Schedule a demo today to enhance your EMR experience! Each timed code must represent 15 minutes of processing. Since not all treatments can be perfectly divided into 15-minute steps, there is the 8-minute rule to determine how many units you need to load in these cases. The rule of eight, which is found in the CPT code manual and sometimes referred to as WADA`s 8-minute rule, is a minor variant of the CMS`s 8-minute rule. The rule of eight still counts billable units in 15-minute increments, but instead of combining the time of multiple units, the rule is applied separately to each individual timed service. Therefore, mathematics is also applied separately. (Note that the rule of eight only applies to scheduled codes where 15 minutes are listed as “usual time” in the code`s operational definition.) If you divide the total number of timed minutes by 15, you often get a balance that includes minutes of more than one service. For example, you might have five minutes left of therapeutic exercise and three minutes of manual therapy. Individually, none of these remains reach the 8-minute threshold. In combination, however, they amount to eight minutes — and according to Medicare`s billing guidelines, that means you can charge for one unit of service with the greatest total time (which would be a therapeutic exercise in this case). The 8-minute rule has enough tricky scenarios to stumble upon even the weirdest mathematical genius.

So, if you want to ensure accurate billing calculations, leave the long division to an EMR with built-in 8-minute control functionality. WebPT automatically reviews your work for you, notifies you when something doesn`t add up properly, and tells you if you`ve charged too much or too little. Taking all this into account, let`s see how to correctly apply the 8-minute rule. First, you need to summarize all the time you`ve spent on timed procedures and modalities (such as ultrasound or supervised E-Stim). This should exclude any time spent on untimed codes such as many modalities or evaluations/re-evaluations. Use the following table (from www.ngsmedicare.com) to determine the total number of scheduled encoding units that you can charge. Mixed leftovers are delicate. If you divide the total number of timed minutes by 15 and get a balance that contains the remaining minutes of more than one service (code), these are mixed leftovers.

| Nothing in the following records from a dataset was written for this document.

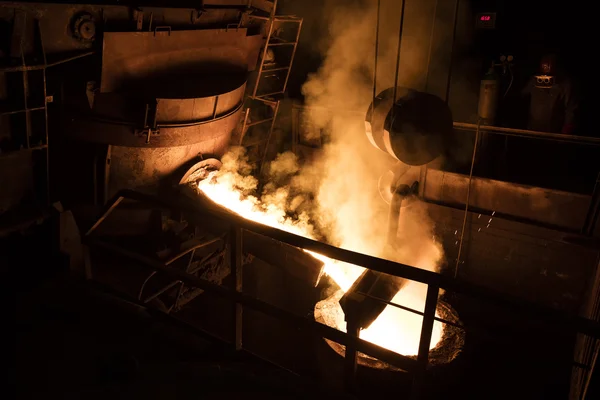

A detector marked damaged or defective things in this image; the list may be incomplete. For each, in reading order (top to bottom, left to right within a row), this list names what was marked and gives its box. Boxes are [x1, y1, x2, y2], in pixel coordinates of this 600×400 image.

rusty metal surface [99, 29, 258, 92]
rusty metal surface [422, 168, 592, 231]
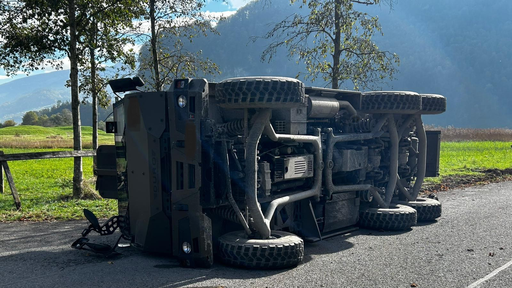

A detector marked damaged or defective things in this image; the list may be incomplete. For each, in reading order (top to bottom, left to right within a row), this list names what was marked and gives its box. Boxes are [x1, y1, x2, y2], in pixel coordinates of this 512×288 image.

overturned military truck [74, 76, 446, 268]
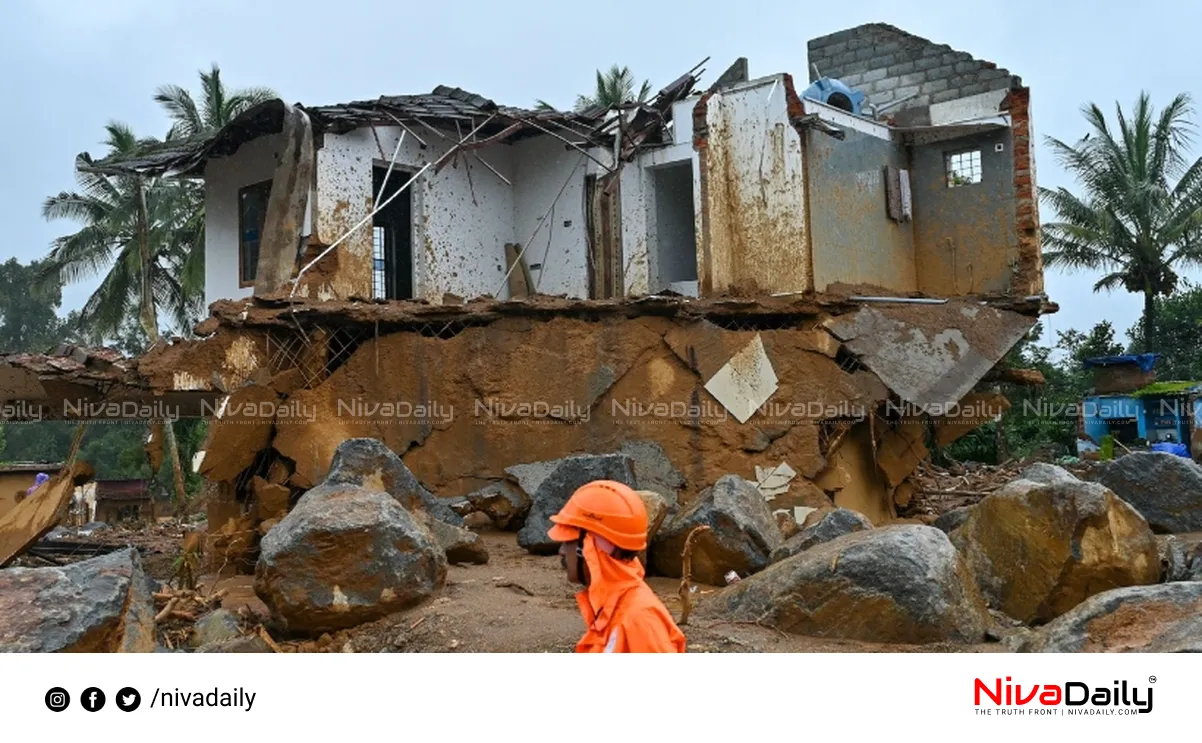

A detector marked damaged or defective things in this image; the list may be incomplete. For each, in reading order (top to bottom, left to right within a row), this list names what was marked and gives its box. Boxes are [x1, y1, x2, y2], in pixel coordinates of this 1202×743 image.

damaged two-story house [2, 21, 1052, 567]
damaged small building [4, 24, 1052, 572]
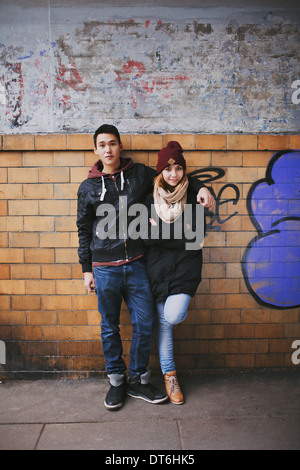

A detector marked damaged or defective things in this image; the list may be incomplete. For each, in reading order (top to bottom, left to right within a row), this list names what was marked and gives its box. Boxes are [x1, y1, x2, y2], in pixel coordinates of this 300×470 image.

peeling plaster wall [0, 1, 298, 134]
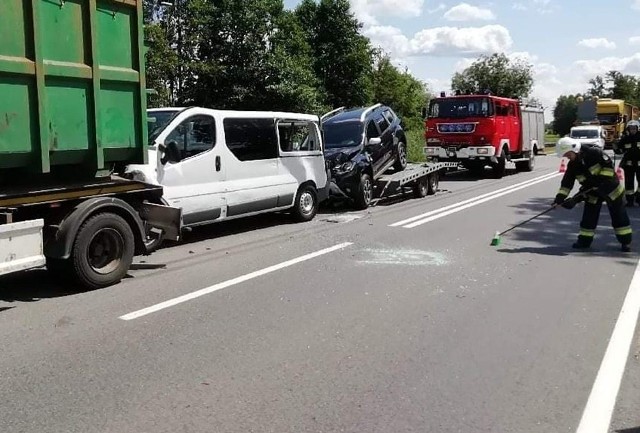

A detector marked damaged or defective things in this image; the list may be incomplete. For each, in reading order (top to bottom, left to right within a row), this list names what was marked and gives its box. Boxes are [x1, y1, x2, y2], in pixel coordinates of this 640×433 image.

damaged white van [130, 107, 330, 226]
crashed vehicle [322, 103, 408, 208]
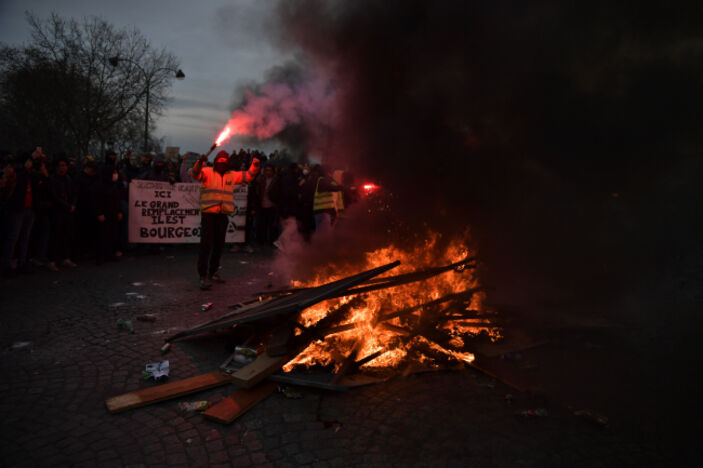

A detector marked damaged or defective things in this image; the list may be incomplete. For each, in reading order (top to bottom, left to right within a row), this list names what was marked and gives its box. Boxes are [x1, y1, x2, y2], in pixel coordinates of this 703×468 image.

broken wood piece [105, 372, 231, 414]
broken wood piece [201, 382, 278, 426]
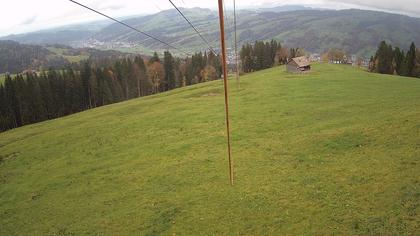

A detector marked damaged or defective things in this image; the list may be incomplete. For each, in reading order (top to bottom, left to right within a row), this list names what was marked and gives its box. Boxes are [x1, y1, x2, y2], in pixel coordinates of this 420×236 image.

rusty metal pole [217, 0, 233, 185]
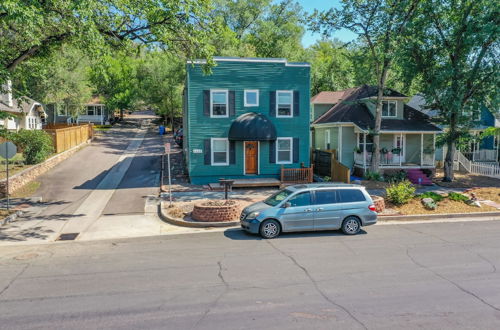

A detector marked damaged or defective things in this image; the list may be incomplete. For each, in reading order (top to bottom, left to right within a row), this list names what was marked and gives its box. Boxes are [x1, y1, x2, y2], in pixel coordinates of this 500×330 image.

road crack [268, 240, 370, 330]
road crack [406, 248, 500, 312]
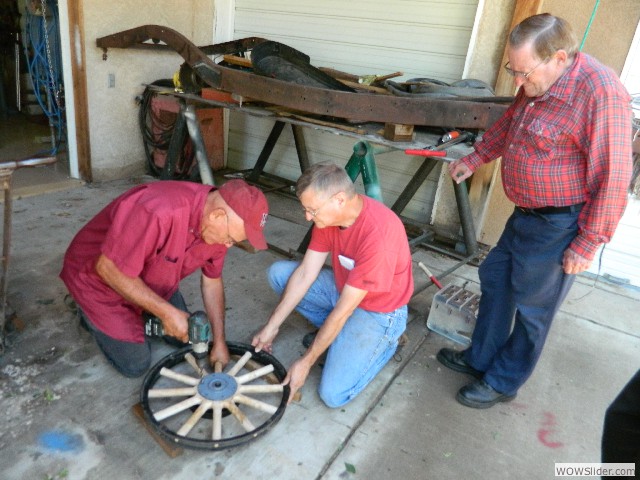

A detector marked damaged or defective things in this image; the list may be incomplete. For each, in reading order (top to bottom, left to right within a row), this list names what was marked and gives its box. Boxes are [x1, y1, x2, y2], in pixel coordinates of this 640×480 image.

rusty steel chassis rail [95, 24, 512, 129]
rusty steel chassis rail [0, 156, 56, 354]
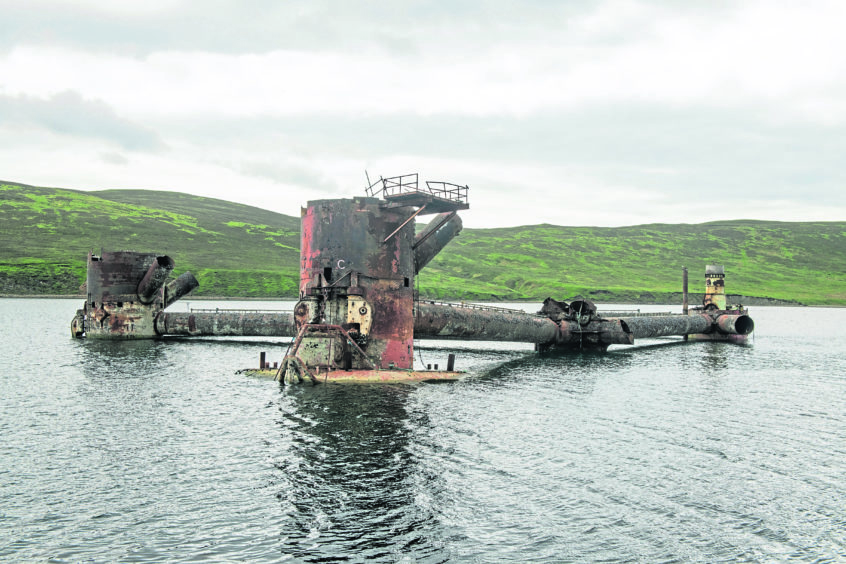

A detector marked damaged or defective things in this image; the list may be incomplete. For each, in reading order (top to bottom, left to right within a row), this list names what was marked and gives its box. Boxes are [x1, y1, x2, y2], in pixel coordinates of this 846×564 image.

rusted hull section [156, 312, 298, 334]
rusted shipwreck [73, 173, 760, 384]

If the sum of these leftovers is 8 (or more), you can charge an additional service unit (code) with the most time. (The 8-minute rule diagram above takes into account leftovers already mixed.) The 8-minute rule states that to receive Medicare reimbursement, you must provide treatment for at least eight minutes. If only one service is provided in a day, you should not charge for the services provided for less than 8 minutes.

However, if you charge more than one timed CPT code on a calendar day, the total number of units you can charge is limited by the total processing time. The rule of 8 follows the same principles as the rule of 8 minutes, but is calculated by service. In other words, a clinician must complete half of the service time described in a timed code before they can charge a unit of that code. Medicare`s 8-minute rule allows a clinician to charge Medicare insurance companies for a full unit if the service you offer takes between 8 and 22 minutes. Because of this provision, it can only apply to temporal CPT codes.